4 Life, Death, and Probability
Consider another interpretation of the causal system of Figure 1(iii). An obedient gang is ordered by its leader to join him in murdering someone, and does so, all of them shooting the victim at the same time or all of them together pushing the plunger connected to a bomb. The action of any one of the gang would suffice for the victim’s death. If responsibility implies causality, whom among them is responsible? Were you among the jury, whom would you convict? What ought The Hague court do in cases of subordinates sure to obey orders? Halpern’s theory says the gang leader and only the gang leader is a cause of the victim’s death. This is a morally intolerable result; absent a plausible general principle severing responsibility from causation, any theory that yields such a result should be rejected.
What if the action of the superior does not necessitate the action of the subordinate, but only makes it probable? In that case, the result on Halpern’s theory of probabilistic causality is that the probability that Y = 1 is a cause of Z = 1 is zero! Halpern’s strategy is:
[…] to convert a single causal setting where the equations are probabilistic to a probability over settings, where in each causal setting the equations are deterministic. This, in turn, will allow me to avoid giving a separate definition of probabilistic causality. Rather, I will use the definition of causality already given for deterministic models and talk about the probability of causality, that is, the probability that A is a cause of B. (p. 48)

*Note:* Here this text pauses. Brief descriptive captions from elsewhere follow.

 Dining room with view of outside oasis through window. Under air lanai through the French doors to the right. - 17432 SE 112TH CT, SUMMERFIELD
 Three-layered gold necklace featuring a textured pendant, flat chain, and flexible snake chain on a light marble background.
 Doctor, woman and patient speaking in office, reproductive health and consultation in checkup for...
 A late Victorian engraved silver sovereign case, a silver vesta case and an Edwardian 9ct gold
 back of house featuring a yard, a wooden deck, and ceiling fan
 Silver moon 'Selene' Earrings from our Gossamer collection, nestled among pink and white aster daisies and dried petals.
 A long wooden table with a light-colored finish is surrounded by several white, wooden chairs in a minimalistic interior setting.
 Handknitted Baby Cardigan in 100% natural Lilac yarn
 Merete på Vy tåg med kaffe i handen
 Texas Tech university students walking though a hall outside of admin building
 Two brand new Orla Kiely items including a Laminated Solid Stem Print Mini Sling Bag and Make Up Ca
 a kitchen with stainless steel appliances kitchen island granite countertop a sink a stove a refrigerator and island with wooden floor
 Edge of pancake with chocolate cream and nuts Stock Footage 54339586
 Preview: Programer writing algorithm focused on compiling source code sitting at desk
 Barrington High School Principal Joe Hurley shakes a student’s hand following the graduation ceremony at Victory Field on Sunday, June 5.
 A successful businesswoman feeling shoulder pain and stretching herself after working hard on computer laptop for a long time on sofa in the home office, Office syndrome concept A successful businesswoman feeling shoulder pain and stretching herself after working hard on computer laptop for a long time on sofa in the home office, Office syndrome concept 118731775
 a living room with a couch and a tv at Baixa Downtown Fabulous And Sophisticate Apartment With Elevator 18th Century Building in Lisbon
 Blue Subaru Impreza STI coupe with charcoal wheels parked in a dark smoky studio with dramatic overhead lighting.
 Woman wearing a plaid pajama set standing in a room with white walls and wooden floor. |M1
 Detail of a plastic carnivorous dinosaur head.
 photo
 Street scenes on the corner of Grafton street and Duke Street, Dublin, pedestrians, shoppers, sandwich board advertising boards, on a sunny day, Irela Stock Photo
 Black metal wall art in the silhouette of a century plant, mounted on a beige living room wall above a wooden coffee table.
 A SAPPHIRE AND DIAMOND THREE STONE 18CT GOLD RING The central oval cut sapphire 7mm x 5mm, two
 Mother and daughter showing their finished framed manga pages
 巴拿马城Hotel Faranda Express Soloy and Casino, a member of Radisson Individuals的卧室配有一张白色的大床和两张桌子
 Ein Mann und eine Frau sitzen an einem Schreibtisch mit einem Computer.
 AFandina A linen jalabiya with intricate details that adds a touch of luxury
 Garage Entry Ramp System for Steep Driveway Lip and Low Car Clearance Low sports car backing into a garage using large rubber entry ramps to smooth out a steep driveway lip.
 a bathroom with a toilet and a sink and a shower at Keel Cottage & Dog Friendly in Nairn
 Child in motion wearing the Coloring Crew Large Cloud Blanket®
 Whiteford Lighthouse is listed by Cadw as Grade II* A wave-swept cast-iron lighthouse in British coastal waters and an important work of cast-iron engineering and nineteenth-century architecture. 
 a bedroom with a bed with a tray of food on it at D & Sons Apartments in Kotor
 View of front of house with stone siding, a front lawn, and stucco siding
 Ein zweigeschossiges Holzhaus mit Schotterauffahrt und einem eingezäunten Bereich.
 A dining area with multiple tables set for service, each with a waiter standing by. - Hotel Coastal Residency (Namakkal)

Suppose then that we alter Figure 1(iii) so that the probability that Y = 1 when X = 1 is p, leaving the dependence of Z on X and Yunchanged. Then, following Halpern’s probability recipe, we have for p fraction of the cases X = Y = Z = 1, and (1 – p) fraction of cases in which X = Z = 1 and Y = 0. Applying Halpern’s theory to each of the p cases yields that Y = 1 is not a cause of Z = 1, as before. But the (1 – p) cases where X = 1 and Y = 0 and Z = 1 are instances of backup, Figure 1(ii), for which Halpern’s deterministic theory also yields that the value of Y is not a cause of Z = 1. Thus, whatever p may be, Halpern’s theory says the probability that the value of Y is an actual cause of Z= 1 is zero.
We will consider whether any of Halpern’s proposed normality conditions rescue his theory from this and other consequences.
5 The Curious Case of Billy and Suzy
Halpern analyses the following example repeatedly throughout his book to compare different formulations of causation and normality, so we will give it in full detail. The story is simple: Billy and Suzy both throw rocks at a bottle, Suzy just before Billy. Suzy’s rock hits the bottle, smashing it, but had her rock not hit it, Billy’s would have, to the same effect. The variables ‘Suzy Throws’, ‘Billy Throws’, and ‘Bottle Smashes’ are represented as ST, BT, and BS, respectively. Halpern adds variables BH and SH for Billy or Suzy’s rock actually hitting the bottle. Whether Suzy’s rock hits depends only on her throwing since she is a good shot, but Billy’s rock will only hit the bottle if he throws and Suzy’s rock doesn’t hit. Halpern refers to this causal model as M′RT, and it appears in the form of Figure 2.
SH = ST
BH = BT ∧ ¬SH
BS = BH ∨ SH
The intuition here is that Suzy should be counted as a cause but not Billy, since her throw actually broke the bottle. Halpern’s modified account, given above, correctly captures this result. To see this, we take the witness in which Suzie does not throw, or X = ST = 0, and we set w equal to the actual values of [BT, BH]. Although Billy throws, he does not hit, as in the real world. So we obtain BS = 0 as desired. Following Halpern’s lead, let us denote this [ST = 0, BT = 1, BH = 0, BS = 0]. We will refer to this witness later.
6 Normality
Halpern develops various examples that challenge his modified theory, and in response he investigates supplementing the theory with considerations of ‘normality’. The difficulties include the subjectivity of creating causal models and determining which potential witnesses decide the question of actual causality. The introduction of normality also serves the ambition to make finer distinctions, for example, between a cause and a ‘background condition’. In situations where his original definition cannot differentiate among possible causes, normality allows Halpern to select among them in order to gain better agreement with intuition. He offers in sequence several accounts of normality, each designed to deal with a counterexample to the previous one. In the course of these changes, some of the revisions violate the restrictions of the modified account and some lose the basic intuition of the modified account—an actual cause is an event that were it not to happen and things otherwise stay pretty much as they are, the effect would not happen. His discussion is intricate, and inevitably so are our assessments.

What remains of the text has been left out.